Monday , November 18, 2024

Payment by Phone Bill Picks Up Momentum

A payment service that allows Internet content and service providers to bill their customers via their phone bill has been gaining momentum. Although San Jose, Calif.-based PaymentOne, a billing service for 50 large Internet service companies, provides those companies with six different payment options, the PhoneBill choice is being used for about half of all payments today, according to Don Teague, PaymentOne vice president of sales and marketing. “This is the fastest-growing of all our payment options,” Teague says. The other payment options are credit card, ACH debit, direct bill, Web bill via e-mail, and prepaid accounts. Three-year-old PaymentOne has relationships with 1,400 local phone companies, covering about 92% of the households in the U.S., that allow Internet service fees to show up on the phone bills. Web merchants pay an undisclosed fee to PaymentOne, typically a biweekly or monthly charge based on volume, rather than a per-transaction fee. For most customers, paying for Internet-based services on a phone bill is not unusual since many consumers subscribe to Internet services already offered by phone companies, which then bill the customers on their monthly phone bills, Teague says.

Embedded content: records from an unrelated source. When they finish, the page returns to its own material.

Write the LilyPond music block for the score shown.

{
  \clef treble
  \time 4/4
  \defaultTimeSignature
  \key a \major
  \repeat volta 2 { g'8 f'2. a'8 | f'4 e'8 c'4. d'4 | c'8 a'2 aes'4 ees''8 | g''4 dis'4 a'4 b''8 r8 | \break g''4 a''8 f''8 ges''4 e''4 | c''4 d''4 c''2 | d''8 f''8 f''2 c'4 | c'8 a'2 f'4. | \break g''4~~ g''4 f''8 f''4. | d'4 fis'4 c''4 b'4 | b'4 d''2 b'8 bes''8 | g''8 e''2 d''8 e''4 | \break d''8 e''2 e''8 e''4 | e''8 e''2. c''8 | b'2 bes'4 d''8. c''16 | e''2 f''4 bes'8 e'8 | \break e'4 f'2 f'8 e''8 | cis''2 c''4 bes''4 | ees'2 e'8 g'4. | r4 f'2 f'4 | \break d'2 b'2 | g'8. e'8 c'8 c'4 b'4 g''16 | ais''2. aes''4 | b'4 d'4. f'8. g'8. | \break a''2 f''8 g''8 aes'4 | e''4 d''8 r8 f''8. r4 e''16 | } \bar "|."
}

The company guards against fraud by checking phone numbers to make sure they are valid and current, and will also often call the number being billed to get authorization. Many of PaymentOne's customers are ISPs or Web hosting companies, including Netzero, Juno and AOL. But the firm also bills for Web-based game sites, dating services, and online music services. It recently signed Netlovematch.com, which hosts a number of online dating services geared to specific ethnic or religious backgrounds. The average PhoneBill transaction is about $17, Teague says. His firm does not handle micropayments–those under $1–although some Internet content providers will allow their customers to run up multiple charges on an account before sending the aggregated bill to PaymentOne to handle. PhoneBill is often used by customers who don't have credit cards or even bank accounts, but who do own a telephone, Teague says. Additionally, some of the bigger users of PhoneBill are households with incomes of more than $150,000 who want to spread their bills out over multiple sources. During the fiscal year ending June 30, PaymentOne had $27 million in revenue from all payment options, compared to $14 million the year before. It has processed $1 billion in payments since its inception.